> _Problem statement_:
What I need is an exact repeat of the lines from the one with "Y2K Leather Jacket: Edgy" through the end of the listing below. Leave out every picture.

═════ Dataset section ═════

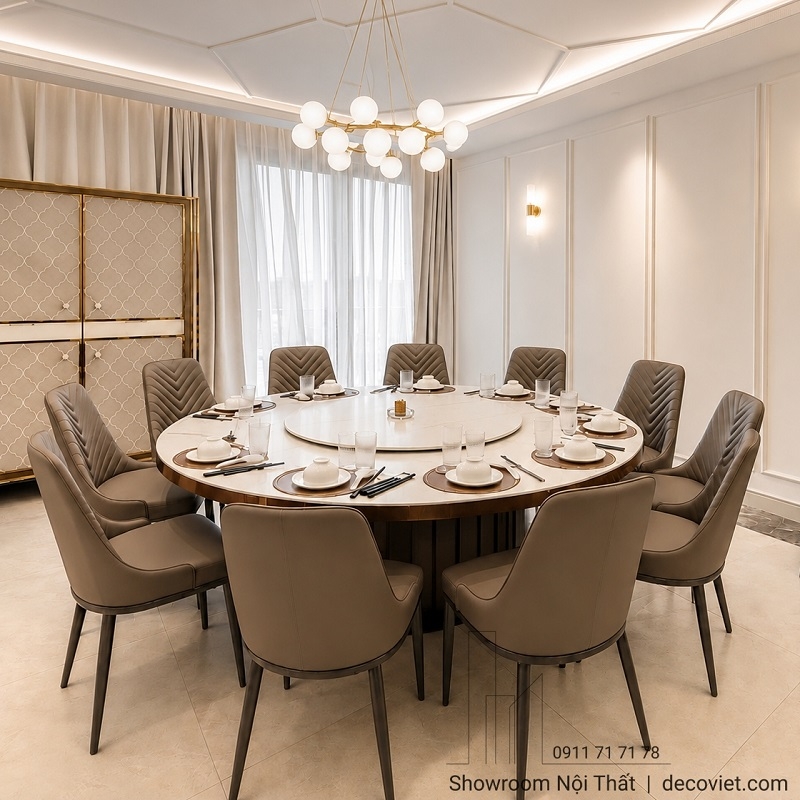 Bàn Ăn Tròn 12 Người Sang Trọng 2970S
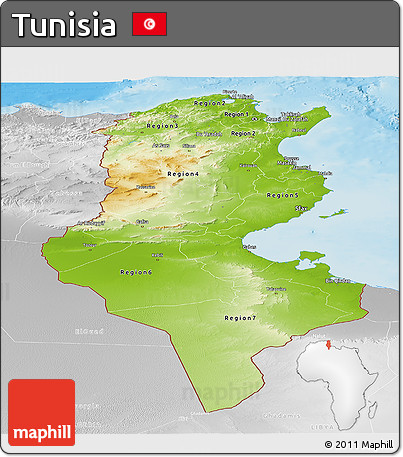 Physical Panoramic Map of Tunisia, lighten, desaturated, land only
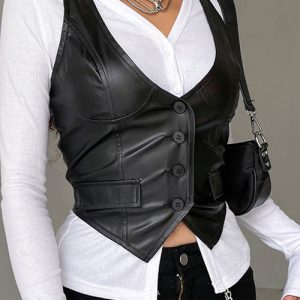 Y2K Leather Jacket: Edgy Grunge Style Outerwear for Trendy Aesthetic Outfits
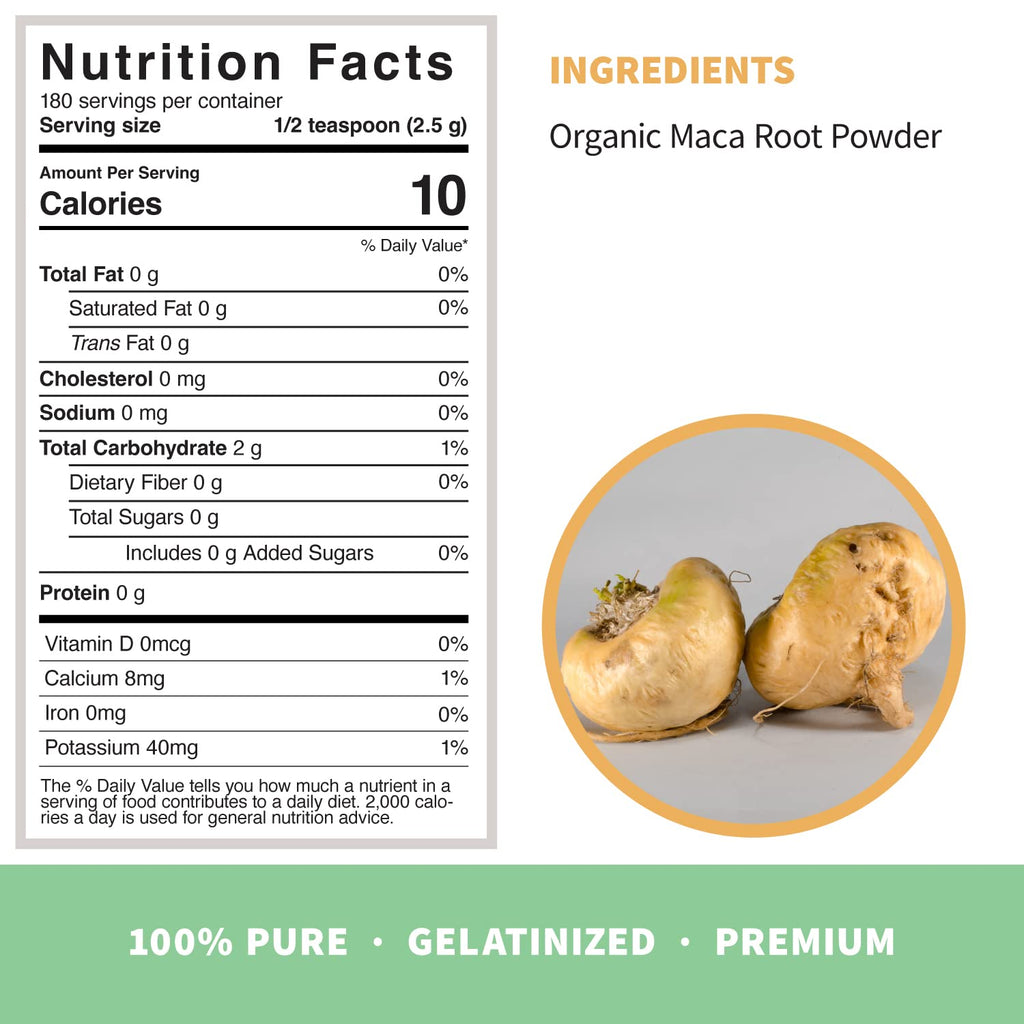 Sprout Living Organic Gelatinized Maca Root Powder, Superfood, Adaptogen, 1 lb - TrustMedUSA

═════

> _Exercise response_:
 Y2K Leather Jacket: Edgy Grunge Style Outerwear for Trendy Aesthetic Outfits
 Sprout Living Organic Gelatinized Maca Root Powder, Superfood, Adaptogen, 1 lb - TrustMedUSA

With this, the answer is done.